Bill (for confidentiality reasons - not his real name) is a highly-skilled motor engineer. He has spent many years tutoring at a well-known technical institute and is widely respected by his peers.
Some 10 months ago he decided that he would apply for a managerial position with an extensive new car franchise as the remuneration offered was significantly higher and he felt that it was time for a change.
The CEO of the motor vehicle dealership was impressed with Bill’s academic knowledge and employed him without conducting any DISC Profile and without considering how he would fit into the team, he would be leading. The failure to analyse Bill’s DISC behavioural style proved costly.
Bill took up the new role in January, and his job description was prepared by the CEO during the first week. Bill’s primary responsibilities involved managing a branch which employed 10 motor mechanics, a small administration team and 15 sales staff.
The role required a “hands-on” approach, which included being available to help assist in supporting the service department and becoming actively involved in the sales process. The firm has a strict budgetary control system which was heavily focused on a sales budget. The budget was, despite challenging trading conditions, considered to be realistic and achievable.
Bill and the CEO met after three months to review the branch’s performance. Unfortunately, despite a lot of hard work and very long hours, Bill had been unable to meet sales targets and the atmosphere at the branch had become uncomfortable with a fundamental breakdown in communication between management and staff.
Both the CEO and Bill wanted the management role to work, and for this reason, the CEO decided to contact a consultant. This is where our involvement began. The advisor was an accredited Extended DISC consultant, and he was engaged in providing the CEO on workable solutions to the challenges involved in the branch.
The first step the consultant took was to obtain DISC Profile Assessments for the entire staff of thirty-two people and the CEO as well. Bill’s Profiles are shown opposite, and the very significant movement from his natural DISC behavioural style to his adjusted DISC style is immediately apparent.
Several of the staff’s DISC Profiles exhibited stress, insecurity and frustration. Bill has felt the need to suppress his natural CS style and focus on his D characteristics. This is, of course, a clear indication of the stress.
The CEO, (whose DISC Profiles are opposite) did not identify that Bill’s management style was bound to be quite different from his during the interview process. He did not realise that the DISC style Bill conveyed at his interview was that of a D Style, although this was only a small percentage of his unconscious behavioural style.
Bill had obviously decided that the CEO would want a strong manager, and this is the impression he left with the CEO - a typical situation in the recruitment process.
The CEO was therefore left with the clear impression that Bill was a direct, decisive, competitive individual quite capable of managing a group of servicemen and salesmen. He also felt that he would have no difficulty in communicating with him. It will be noted that the CEO shared Bill’s C traits, but his D characteristics were much stronger than Bill’s.
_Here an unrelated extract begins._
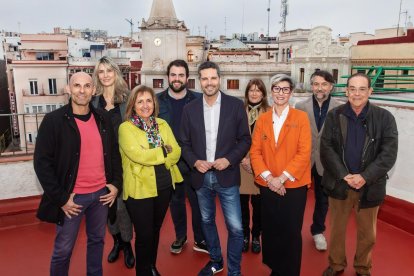 Fotografia de la nova executiva local de Junts per Reus. Al centre, Gerard Gort.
Bill had no experience in management and his approach was to become demanding and blunt rather than diplomatic, systematic and conservative, which would clearly fit his natural behavioural style as a CS person. This was influenced in no small way by the natural style of the CEO, whose adjusted style was focused heavily on his D traits.
The change in Bill’s style caused him stress, but just as importantly, the team at the branch saw him as difficult to communicate with, and the pressure was affecting his relationship with them. Bill was clearly in the wrong job. The cost to the firm in replacing Bill, and his loss not only in self-esteem but in loss of income if he was to move on was something neither party wished to face, but clearly, the situation could not continue.
Fortunately, this case had a happy outcome. The CEO, recognising now the difference in Bill’s DISC Profile and understanding from the consultant what the change in his behavioural style meant, created a new position within the organisation. The job gave Bill the role of trainer and technical advisor for the group, assisting each service department as a consultant and trainer. No longer did he have to take a dominant position, and the advisory role suited his style.
The company now uses Extended DISC behavioural reports for all recruitment situations and for retention and motivation of all staff.